- [Activity] Output the listing word for word, minus images.

- [Data for review]
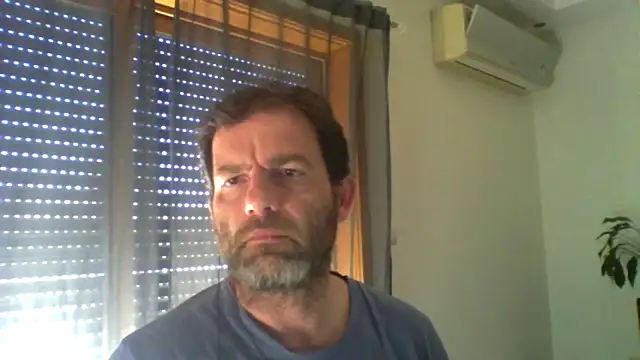 Snapshot of _grj1 chatting on April 1, 1:41 pm grj1 online show from April 1, 1:41 pm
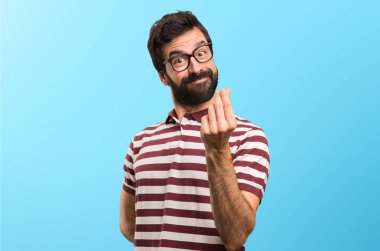 Para yapma gözlüklü adam jest renkli arka plan üzerinde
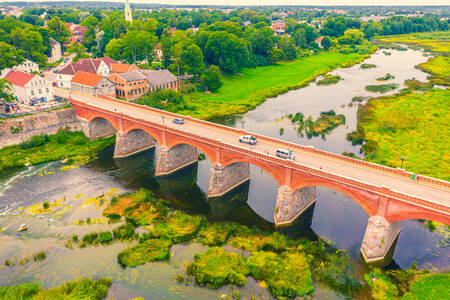 Puente de ladrillo en Kuldiga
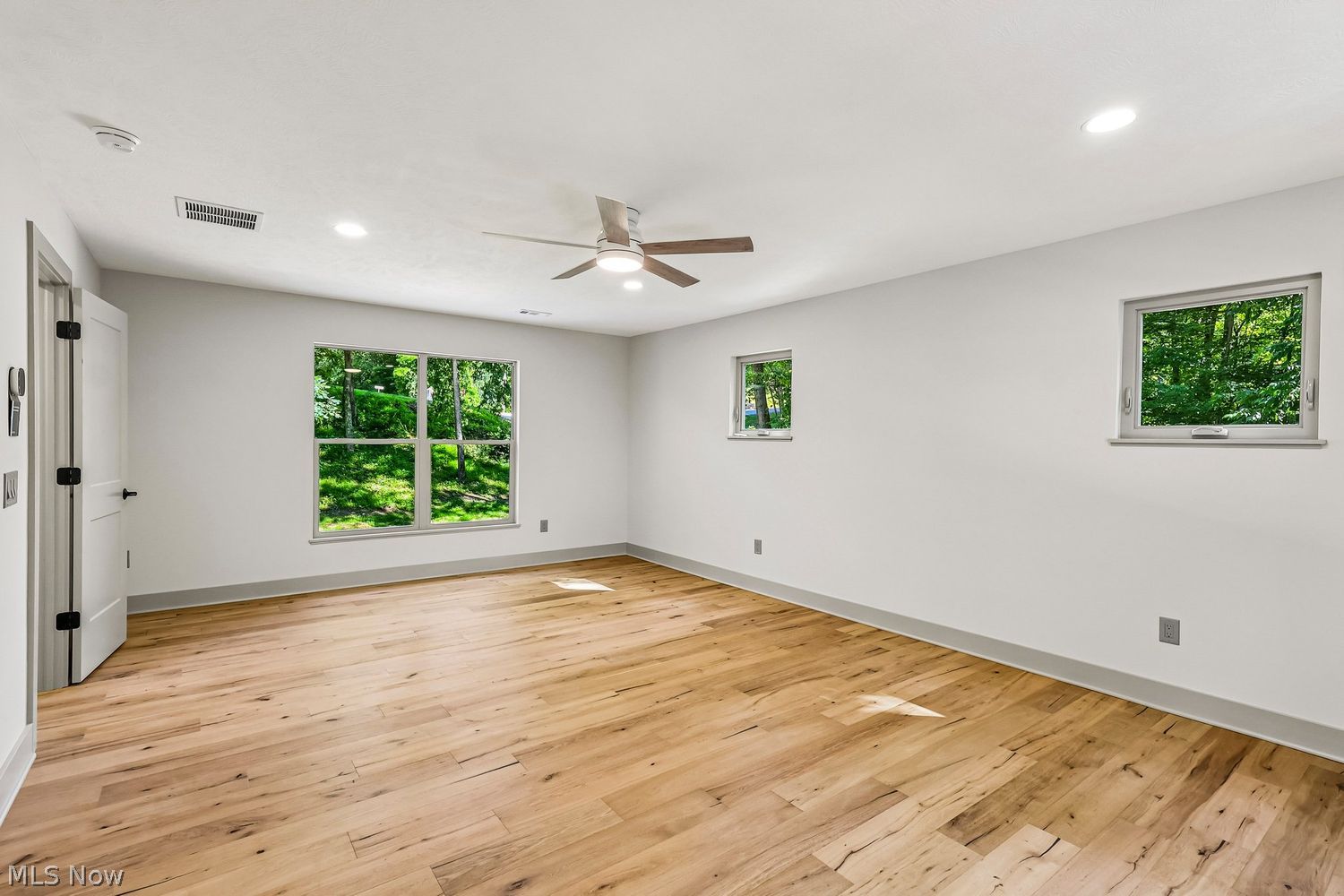 1 Huron Trail Malvern OH 44644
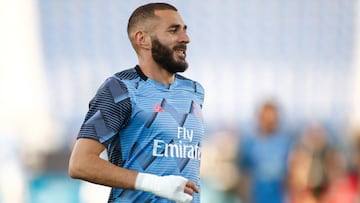 Benzema, en un calentamiento con el Madrid.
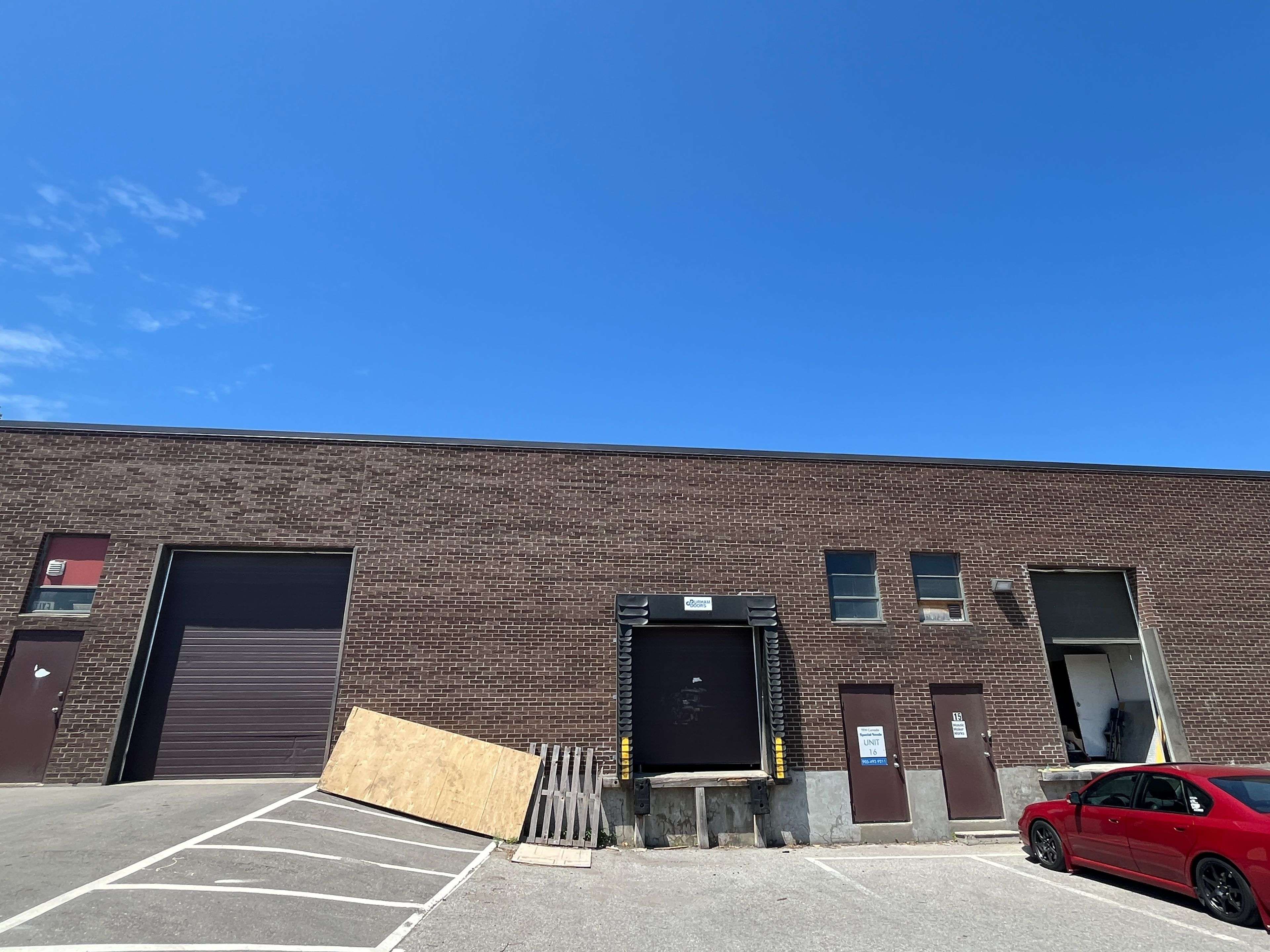 Pickering, ON L1W 3L7,1750 Plummer ST #16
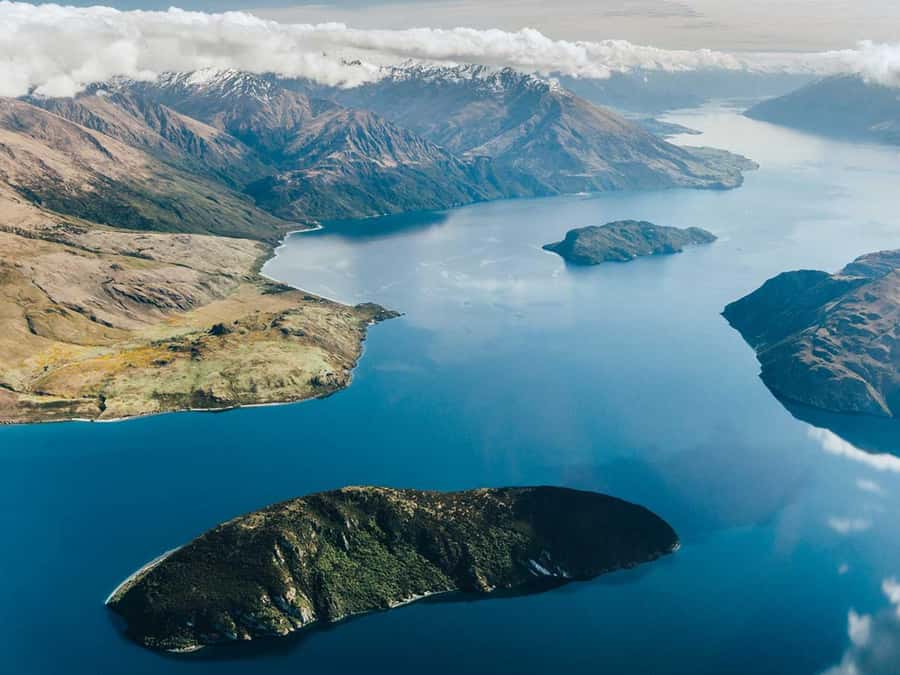From Wanaka: Milford Sound Flight with Landing & Glaciers - Small group comfort and practical limits
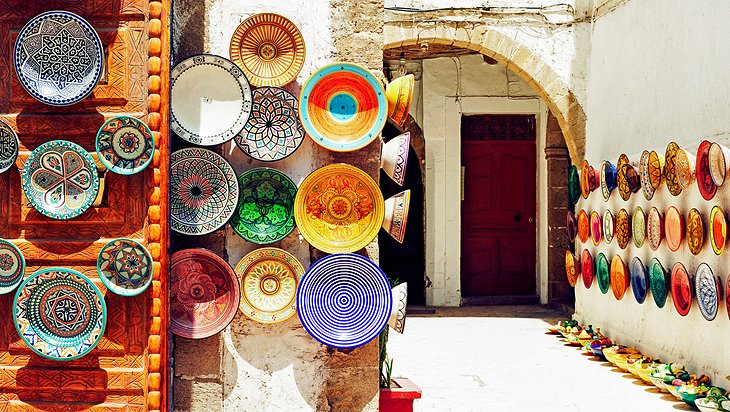 Assiettes à vendre au marché de Marrakech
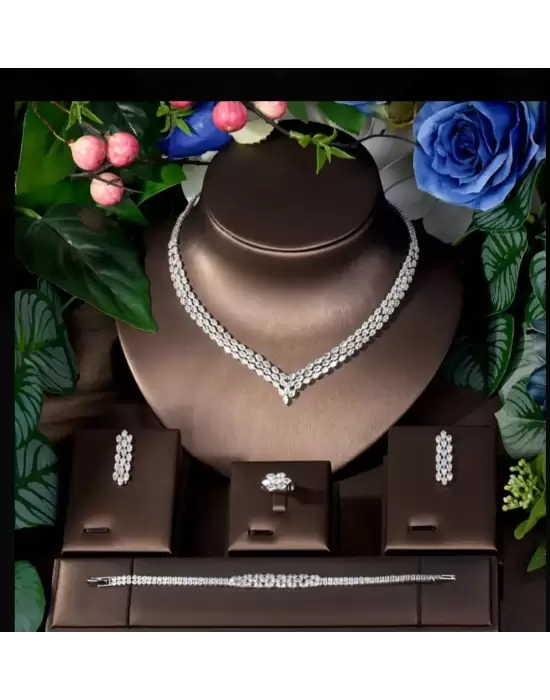 Zircon Set (Kolye Bileklik Küpe Yüzük)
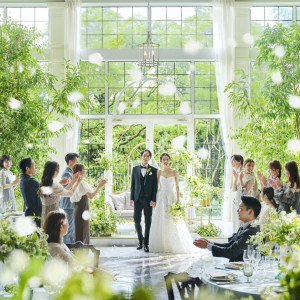 降灰も気にせず演出や撮影が可能、全天候対応の室内ガーデン|ベイサイド迎賓館（鹿児島）/テイクアンドギヴ・ニーズウェディングの写真(53944585)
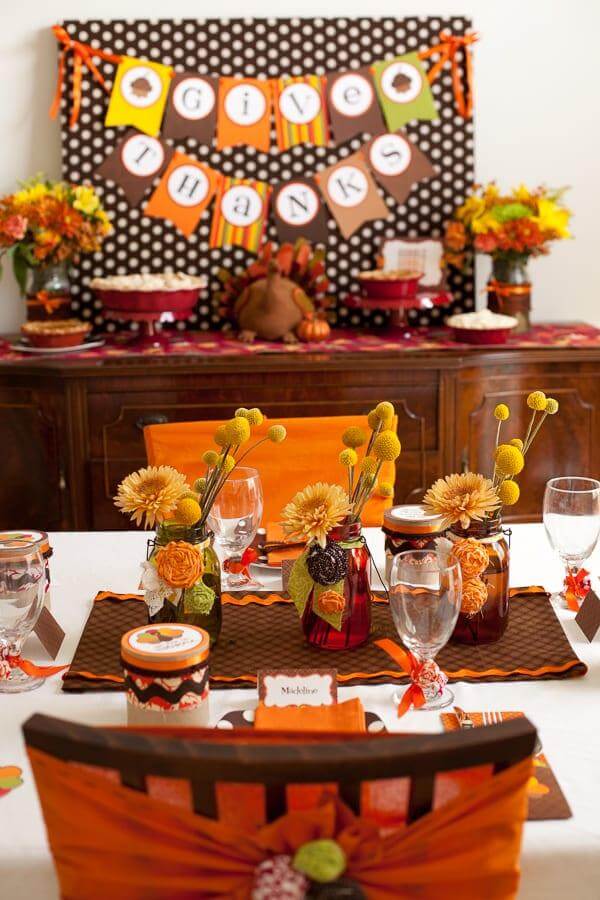 Playful & Kid-Friendly “Give Thanks” Table Decor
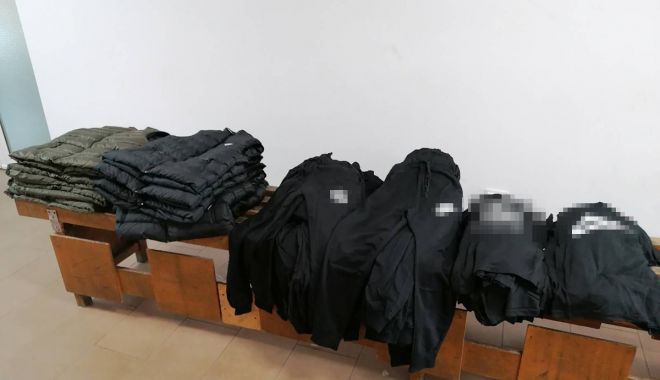 La un pas să cumpărăm iar haine contrafăcute! Iată ce au descoperit poliţiştii, la Vama Veche - img20230307wa0001-1678177596.jpg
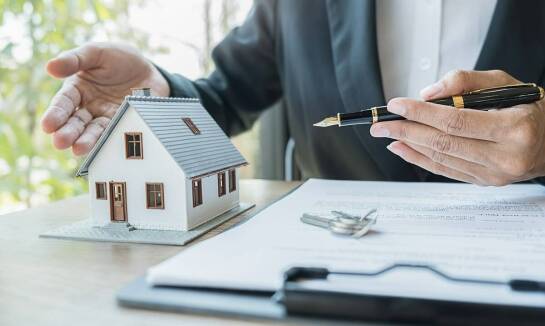 Umowa sprzedaży nieruchomości – jak notariusz zapewnia zgodność z prawem?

- [Output of the exercise]
 Snapshot of _grj1 chatting on April 1, 1:41 pm grj1 online show from April 1, 1:41 pm
 Para yapma gözlüklü adam jest renkli arka plan üzerinde
 Puente de ladrillo en Kuldiga
 1 Huron Trail Malvern OH 44644
 Benzema, en un calentamiento con el Madrid.
 Pickering, ON L1W 3L7,1750 Plummer ST #16
From Wanaka: Milford Sound Flight with Landing & Glaciers - Small group comfort and practical limits
 Assiettes à vendre au marché de Marrakech
 Zircon Set (Kolye Bileklik Küpe Yüzük)
 降灰も気にせず演出や撮影が可能、全天候対応の室内ガーデン|ベイサイド迎賓館（鹿児島）/テイクアンドギヴ・ニーズウェディングの写真(53944585)
 Playful & Kid-Friendly “Give Thanks” Table Decor
 La un pas să cumpărăm iar haine contrafăcute! Iată ce au descoperit poliţiştii, la Vama Veche - img20230307wa0001-1678177596.jpg
 Umowa sprzedaży nieruchomości – jak notariusz zapewnia zgodność z prawem?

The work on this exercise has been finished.